(Brief descriptive captions)
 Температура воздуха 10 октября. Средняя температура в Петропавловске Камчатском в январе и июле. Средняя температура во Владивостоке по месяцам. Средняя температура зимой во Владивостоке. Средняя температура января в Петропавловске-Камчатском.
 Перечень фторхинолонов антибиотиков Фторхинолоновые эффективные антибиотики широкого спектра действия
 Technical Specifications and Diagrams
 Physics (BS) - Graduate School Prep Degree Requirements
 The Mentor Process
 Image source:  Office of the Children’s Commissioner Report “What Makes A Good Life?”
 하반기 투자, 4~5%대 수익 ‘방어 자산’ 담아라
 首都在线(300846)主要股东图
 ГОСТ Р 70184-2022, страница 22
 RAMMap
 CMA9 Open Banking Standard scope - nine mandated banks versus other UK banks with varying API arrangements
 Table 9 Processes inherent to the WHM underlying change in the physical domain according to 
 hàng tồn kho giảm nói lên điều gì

* _Exercise objective_: Print exactly the lines of the records from the one containing "Office of the" through the end, and nothing besides them.

* _Your solution_:
 Image source:  Office of the Children’s Commissioner Report “What Makes A Good Life?”
 하반기 투자, 4~5%대 수익 ‘방어 자산’ 담아라
 首都在线(300846)主要股东图
 ГОСТ Р 70184-2022, страница 22
 RAMMap
 CMA9 Open Banking Standard scope - nine mandated banks versus other UK banks with varying API arrangements
 Table 9 Processes inherent to the WHM underlying change in the physical domain according to 
 hàng tồn kho giảm nói lên điều gì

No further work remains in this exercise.